What initially sounded like an easy task ended up being a tricky, irritating and ‘fun’ challenge as each of the cola’s had a separate web page that contained all of their nutritional information…. #FacePalm
Going into this, I did not know where to start or how I would go about pulling all of this information and spent a good while going over different ways that I could get all of the web links for each cola until Alex Jones mentioned a handy tool called Link Klipper which is a Google Chrome extension that downloads all of the web links on a web page and puts them into a .csv file which requires minimal preparation prior to bringing into Alteryx.
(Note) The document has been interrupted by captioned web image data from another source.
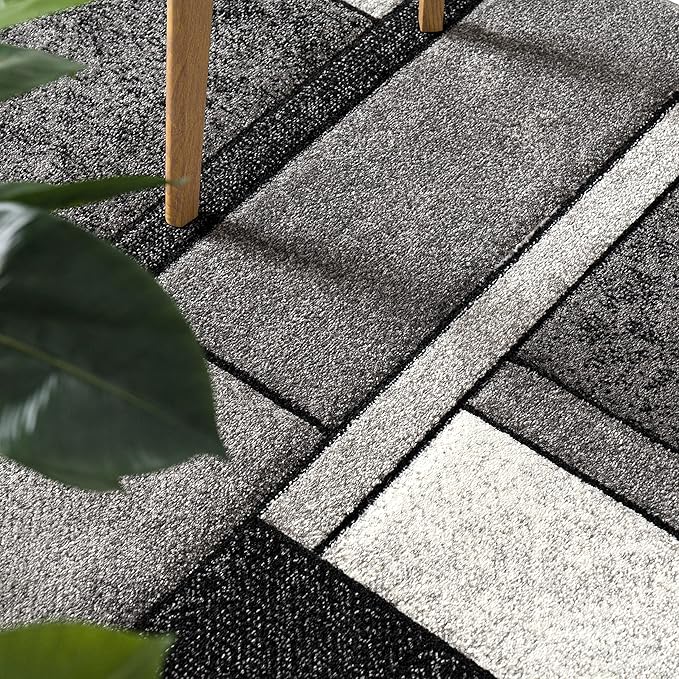 Paco Home Area Rug Modern Geometric Pattern in Grey White, Size: 5'3" x 7'7"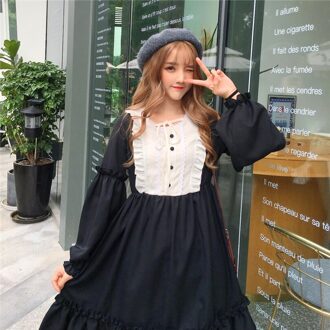 Sweet Lolita Japanse College Stijl Meid Leuke Lace Contrast Stiksels Losse Wilde Zachte Meisje Jurk zwart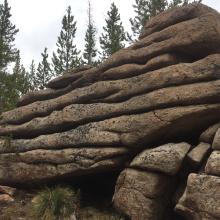 Granite boulders along the route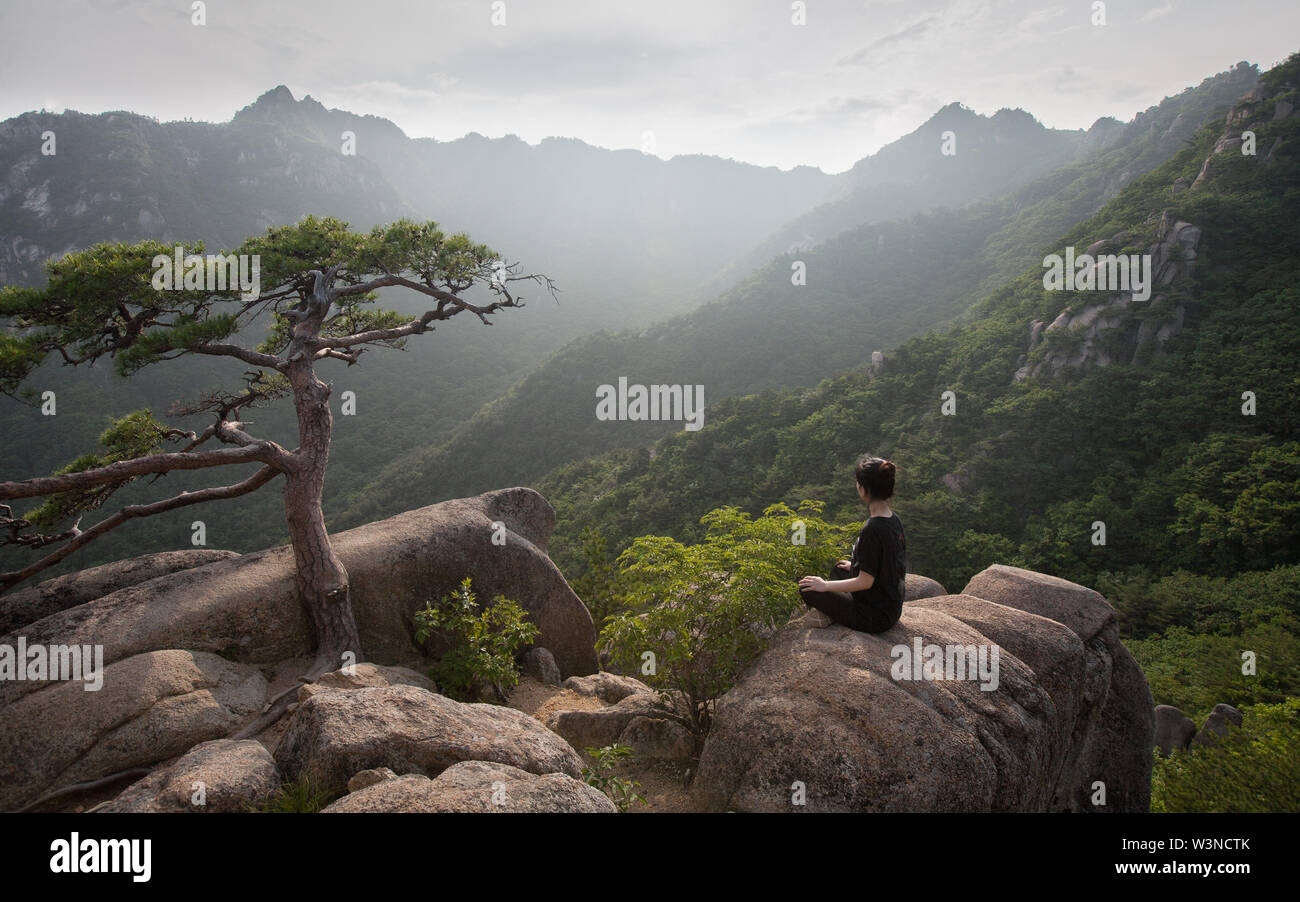 Hiker Finding Solitude in Gaya Mountain, Korea Stock Photo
This tool alone saved me so much time as I originally planned to go to each website and copy and paste the web links into an Excel file 1 at a time…. which would have taken a good while since there were well over 400 different pages to go through.
Once I had all of the web links I needed in a single file, I then moved on to Alteryx to begin creating a formula that allows me to set Alteryx to download the .csv files rather than download the tables. I used the below workflow to complete this task and would like to point out a cool tool that I have never used before – ‘Throttle Tool’. This tool allows the user to set a number of records to download per minute which came in handy as when I was trying to download the 457 .csv files at one go I kept getting errors because the website couldn’t handle the large amounts of downloads that I was trying to do.
After some trial and error, I managed to find the perfect number of records to download per minute (50) which allowed me to get all of the .csv files without any trouble.
I could now move on to the lengthy process of cleaning the files as the format they came in wasn’t very pleasant as you can see below:
Fortunately, every file I downloaded came in the exact same format, so I could use the same process to clean all of the other documents.
By using the input tool and changing the end of the file location to *.csv, I was able to pull in all documents into Alteryx in one go and run the below workflow to clean them up to be used in Tableau.
This was a challenge in itself as the documents contained so much data that was all over the place but achieving the end result gave me a great sense of achievement knowing that this beast had been tamed and the below is a sample of what came out the other end.
I will now begin to build a Tableau visualisation based on this data and will include this in my next blog.
Hope you find this useful.